Nicholas nodded, as if he understood. Seiji wanted to ask him if he did, could he please explain it to him, but didn’t.
Nicholas reached out and placed a hand on Seiji’s leg, right above his knee. It was leaving a mark, Seiji could tell, a yellowish, pinkish mark from the popsicle, but he didn’t tell Nicholas to remove it. He couldn’t. He didn’t want to, even if it meant his only pair of jeans would be stained.
Seiji was looking at Nicholas and Nicholas was looking back and something was happening, Seiji could tell. He was leaning in and Nicholas was leaning and their faces were getting impossibly closer. Seiji thought about closing his eyes, but he didn’t want to. He had to see what was about to happen.
Their lips were just a tiny bit apart when the noise of a car interrupted them. They pulled away quickly just in time to see a pickup truck pull up to one of the gas pumps. Seiji watched as a man with a beard slipped out, wondering if he’d seen. The man’s eyes didn’t give them a second glance, though, and Seiji felt a wave of relief in his chest.
“Crap!” Nicholas exclaimed and Seiji turned to the other boy, who was staring down at his phone, cheeks red. “We’ve got to go. Check in is in fifteen minutes!”
They ran through the woods after that, legs pumping, feet hitting the ground with loud plods that scared away nearby animals. If they didn’t get back in time for check in, they’d get in trouble and possibly get suspended from fencing, a prospect that struck fear into both of their hearts.
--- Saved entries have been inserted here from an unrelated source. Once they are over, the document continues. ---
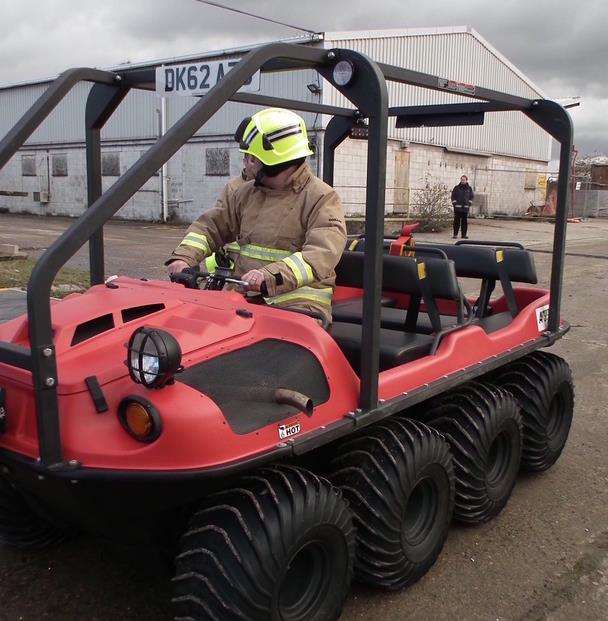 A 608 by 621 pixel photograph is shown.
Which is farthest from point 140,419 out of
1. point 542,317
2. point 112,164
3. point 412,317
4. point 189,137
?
point 112,164

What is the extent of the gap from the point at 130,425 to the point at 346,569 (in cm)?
99

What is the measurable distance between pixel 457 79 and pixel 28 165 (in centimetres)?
1644

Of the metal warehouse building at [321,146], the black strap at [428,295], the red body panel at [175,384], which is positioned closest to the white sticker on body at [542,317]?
the black strap at [428,295]

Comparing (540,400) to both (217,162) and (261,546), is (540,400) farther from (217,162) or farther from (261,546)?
(217,162)

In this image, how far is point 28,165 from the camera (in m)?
27.8

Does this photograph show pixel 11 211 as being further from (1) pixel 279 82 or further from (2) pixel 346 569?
(2) pixel 346 569

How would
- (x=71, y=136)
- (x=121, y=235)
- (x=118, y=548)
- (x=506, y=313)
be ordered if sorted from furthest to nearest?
(x=71, y=136) < (x=121, y=235) < (x=506, y=313) < (x=118, y=548)

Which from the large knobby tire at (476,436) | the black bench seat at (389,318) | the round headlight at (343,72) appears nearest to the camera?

All the while, Seiji’s mind raced as fast, if not faster, than his feet. What had just happened back there with Nicholas? They’d almost kissed, his brain told him. You’re not stupid enough not to understand that.
So they almost kissed. What did that mean? Did that mean he liked Nicholas? Did that mean he liked boys?
The questions circled in his head, spinning faster than a tornado, as they made their way back, running through the woods and scaling the wall.
They made it with two minutes to spare, both in and accounted for in the nightly check. The dorm monitor looked strangely at their red faces and tied shoes, but thankfully didn’t ask any questions.
When the man had left, Nicholas stammered something about finishing his TV show and moved to his side of the dorm room. Seiji sat down to try and finish his geometry homework from before with little luck. He couldn’t get past the first step on any of the proofs. In all honesty, the only reason he could get the first step was because it was restating the given information.
Finally, he gave up, shut his book, and decided to get ready for bed. Once he’d brushed his teeth, confirmed his alarm was set for four, and put his familiar blue pajamas on, he couldn’t sleep. He stared at the duck curtain, the faint light given off by Nicholas’s school issued laptop bleeding through.
The smiling yellow ducks reminded him of the SpongeBob popsicles and their melty grins. He remembered how Nicholas had insisted on paying for both their treats.
Wait. Suddenly, a thought popped into his mind, one he couldn’t erase. Had this been a date? Nicholas has paid and they’d almost kissed, which he guessed were pretty reminiscent of a date, though he’d never been on one. Dates weren’t for people like him, people who had important things to focus on and national championships to win.
Unbidden, a phrase popped into his head—if it looks like a duck and talks like a duck, it’s probably a duck.
Seiji sighed and flipped over so his head was buried in his pillow, but sleep didn’t come for a long while.
(When it did, it involved a strange dream about a talking, melting duck trying to kiss him, which was mildly horrifying.)